Sorry to hear about your experience.  I've purchased several machines listed on Craigslist and never had any experiences like that.  In fact several times just the opposite.  When inspecting a couple machines the seller offered a considerably lower price before I made any input as to the condition of the machine or offering a price.  
Although you had a bad experience it might have a silver lining.  I would be willing to bet that if the seller was sleazy enough to sell the machine for a higher price after he already committed to your offer he probably would have changed the price after you showed up and also misrepresented the condition of the machine.

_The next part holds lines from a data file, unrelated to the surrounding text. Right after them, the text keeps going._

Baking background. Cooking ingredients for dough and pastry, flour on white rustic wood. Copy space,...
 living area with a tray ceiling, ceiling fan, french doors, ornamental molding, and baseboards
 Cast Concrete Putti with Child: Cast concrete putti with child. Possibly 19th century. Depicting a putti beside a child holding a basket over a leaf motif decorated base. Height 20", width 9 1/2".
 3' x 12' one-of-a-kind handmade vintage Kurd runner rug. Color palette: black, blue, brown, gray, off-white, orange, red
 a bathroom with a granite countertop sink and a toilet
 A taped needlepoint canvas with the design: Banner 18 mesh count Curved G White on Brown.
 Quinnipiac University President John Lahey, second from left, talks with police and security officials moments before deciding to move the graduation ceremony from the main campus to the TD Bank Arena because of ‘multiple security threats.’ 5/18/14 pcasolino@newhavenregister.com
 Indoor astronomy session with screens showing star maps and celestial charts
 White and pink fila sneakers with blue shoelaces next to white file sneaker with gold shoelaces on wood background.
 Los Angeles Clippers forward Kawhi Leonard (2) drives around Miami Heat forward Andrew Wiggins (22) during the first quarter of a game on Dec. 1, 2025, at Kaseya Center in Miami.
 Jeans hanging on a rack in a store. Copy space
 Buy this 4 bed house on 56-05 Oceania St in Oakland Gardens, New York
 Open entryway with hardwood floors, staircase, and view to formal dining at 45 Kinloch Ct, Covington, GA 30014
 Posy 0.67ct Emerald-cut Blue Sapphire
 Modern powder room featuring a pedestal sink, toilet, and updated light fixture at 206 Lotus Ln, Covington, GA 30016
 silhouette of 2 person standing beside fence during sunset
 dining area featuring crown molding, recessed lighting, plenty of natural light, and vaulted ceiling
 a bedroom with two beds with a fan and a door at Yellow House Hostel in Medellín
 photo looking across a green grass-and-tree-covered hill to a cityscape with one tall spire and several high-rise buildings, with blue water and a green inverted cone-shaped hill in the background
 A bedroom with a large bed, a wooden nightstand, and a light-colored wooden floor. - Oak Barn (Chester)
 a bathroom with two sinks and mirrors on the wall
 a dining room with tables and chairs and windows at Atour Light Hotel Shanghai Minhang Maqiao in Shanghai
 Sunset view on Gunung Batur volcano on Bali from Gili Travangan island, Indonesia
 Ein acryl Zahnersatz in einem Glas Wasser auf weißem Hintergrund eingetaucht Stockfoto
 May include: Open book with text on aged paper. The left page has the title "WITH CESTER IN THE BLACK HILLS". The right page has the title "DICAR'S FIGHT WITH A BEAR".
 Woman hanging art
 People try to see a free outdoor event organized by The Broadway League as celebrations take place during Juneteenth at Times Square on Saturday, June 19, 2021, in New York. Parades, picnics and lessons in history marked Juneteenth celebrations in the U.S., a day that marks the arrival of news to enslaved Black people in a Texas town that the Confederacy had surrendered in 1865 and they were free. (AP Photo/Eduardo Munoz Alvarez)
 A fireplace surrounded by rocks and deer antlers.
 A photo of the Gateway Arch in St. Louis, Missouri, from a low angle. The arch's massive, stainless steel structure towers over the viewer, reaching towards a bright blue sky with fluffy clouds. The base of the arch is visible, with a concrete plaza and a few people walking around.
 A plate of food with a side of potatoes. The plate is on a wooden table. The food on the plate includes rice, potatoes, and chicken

Here are a few more auction sites that deal in industrial machinery, including machining equipment from both government entities and private businesses.  Most are national businesses holding auctions in a variety of locations.









						Government Surplus Auctions - govdeals.com
					

GovDeals' online marketplace provides services to government, educational, and related entities for the sale of surplus assets to the public. Auction rules may vary across sellers.




					www.govdeals.com
				








__





						Home
					






					www.go-dove.com
				












						Used construction equipment, agricultural equipment and more | Machinio
					

Click here to find used tractors, excavators, cranes, forklifts, lathes, presses, trucks, and trailers on Machinio.




					www.machinio.com
				








__





						Home
					






					www.auctiondeals.com


----------



## tmenyc (Apr 18, 2019)

I agree, not even getting the chance to match the later bid sucks but is rare.   I'm writing to add to the chorus about going for a Logan. Granted, as a complete newbie I reeled in the mythical retired shop teachers pride and joy within 15 miles of my home, but having warrantied replacement parts available for a 1943 820 is a huge advantage. Sure they're pricey, but my QCTP t-bolt came milled for the model! Finally, all that stuff published by South Bend is really good, and available, and translating it to the Logan is usually a matter of degree, not kind. 
Keep at it.

Tim


----------



## Coomba (Apr 18, 2019)

Have you tried Surplus Record Machinery. They are located in the Chicago area, and have many lathes and mill for sale.


----------



## Cadillac (Apr 18, 2019)

Check Chicago CL I was on it earlier today a guy just listed a Kent USA 14x40 engine lathe for 2800. Looks like a nice machine newer and hd for a hobbiest. I was actually going to take a look at her just because of condition price and close by.


----------



## astjp2 (Apr 18, 2019)

I got lucky today, I picked up a post hole auger for my tractor with 8 & 12" bits, I had been looking for one for 2.5 years, I texted the guy 10 minutes after he posted it online and I was up there (60 mile from home) at 9 AM this morning with cash in hand.  I would have been there last night but it was almost dark when he posted it.  I feel that I got a win on this one.  So patience pays off with persistence.   Tim


----------



## jwmay (Apr 18, 2019)

_It happens a lot, probably more than you realize, lots of craigslist scum out there...actually probably not scum, more like flakes..._

Well ok.

I have had lots of trouble with people wasting my time on there. Me being the seller, or sometimes giver of things. I’d post something as a free item, and then have people calling and asking a million questions. It’s free! Come get it! If you don’t like it, give it away, just like I’m doing! The item is free, but my time costs money. I don’t advertise there at all anymore actually. It seems a very mistrusting and combative environment.


----------



## Jason280 (Apr 19, 2019)

I've been looking for a lathe for months, and it has been a frustrating experience.  Machines are few and far between here, and any deal that is posted usually gets snagged up quickly.  I've already missed two deals simply because I couldn't get there the next day...you just about to need to have the trailer loaded and ready to go at a moment's notice!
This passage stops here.